ENTRIES PROVIDED =
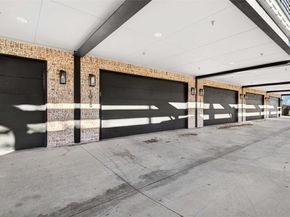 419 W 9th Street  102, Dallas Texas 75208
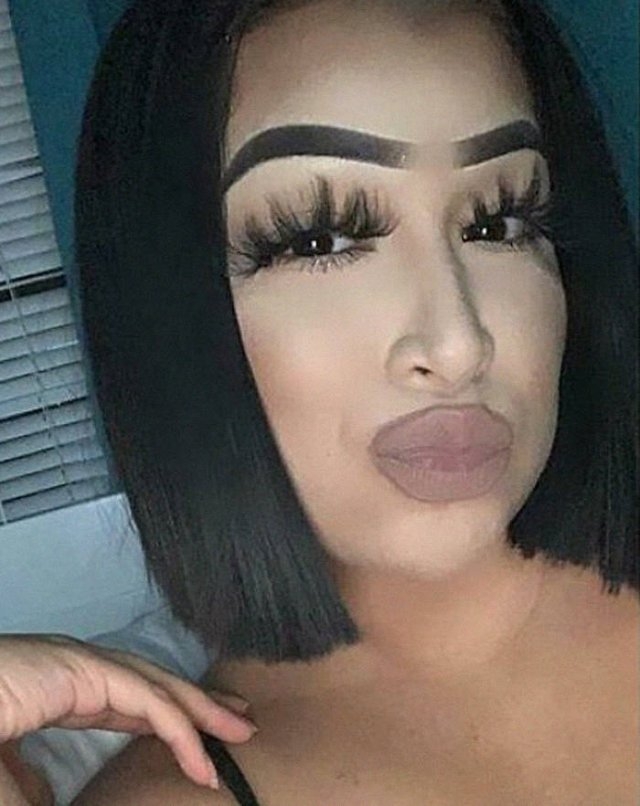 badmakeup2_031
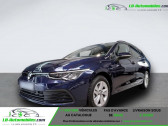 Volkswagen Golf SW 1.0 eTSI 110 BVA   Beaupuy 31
==
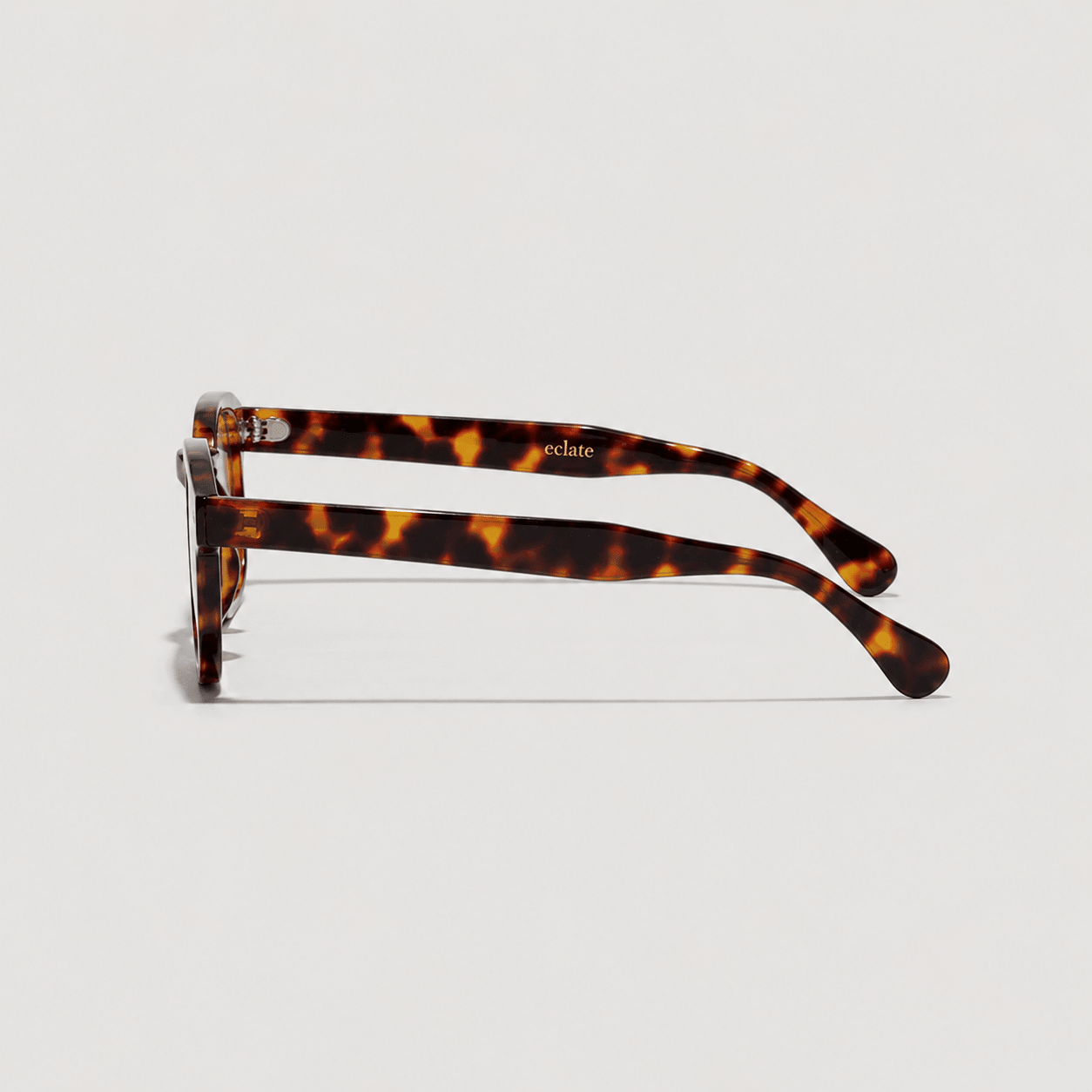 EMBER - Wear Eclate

ASSIGNMENT = What to print is the stretch of entries from the line with "badmakeup2_031" up to and including the line with "Volkswagen Golf SW". Please print it exactly and leave out the pictures.

EXPECTED ANSWER =
 badmakeup2_031
 Volkswagen Golf SW 1.0 eTSI 110 BVA   Beaupuy 31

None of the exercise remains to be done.